Materials provided |
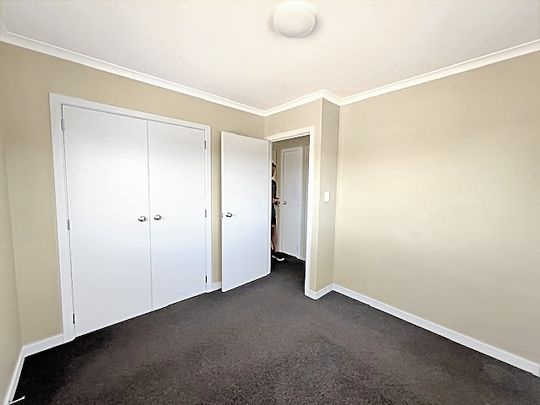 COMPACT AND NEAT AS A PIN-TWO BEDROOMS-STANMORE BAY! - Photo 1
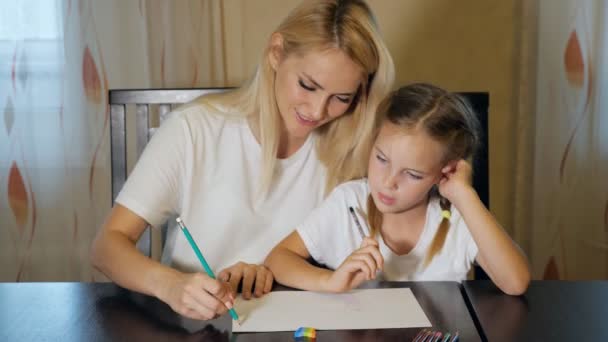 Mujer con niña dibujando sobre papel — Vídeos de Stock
---
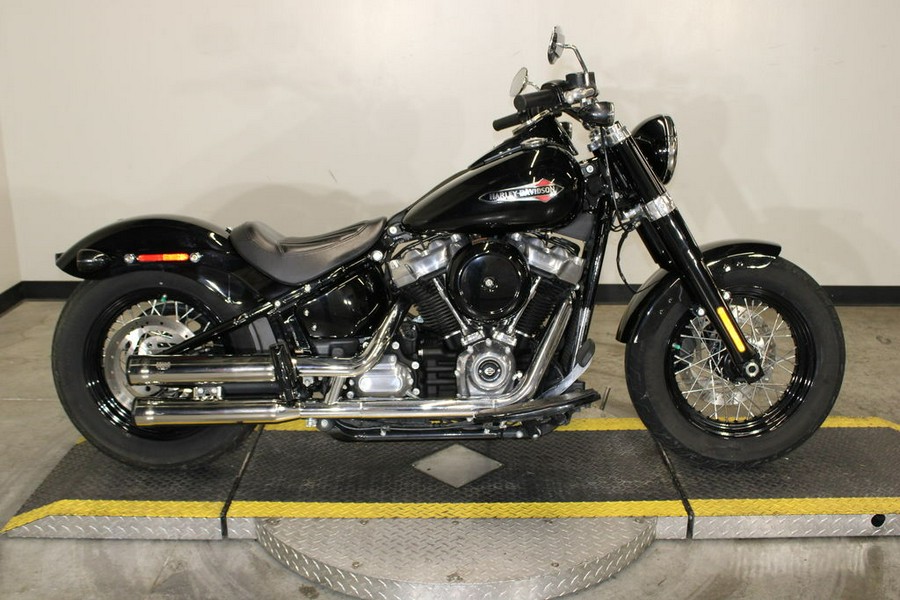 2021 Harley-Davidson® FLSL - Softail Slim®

Aim of the task | Respond with the exact lines above running from the one containing "COMPACT AND NEAT" to the one containing "Mujer con niña", both ends kept and no pictures included.

Task solution |
 COMPACT AND NEAT AS A PIN-TWO BEDROOMS-STANMORE BAY! - Photo 1
 Mujer con niña dibujando sobre papel — Vídeos de Stock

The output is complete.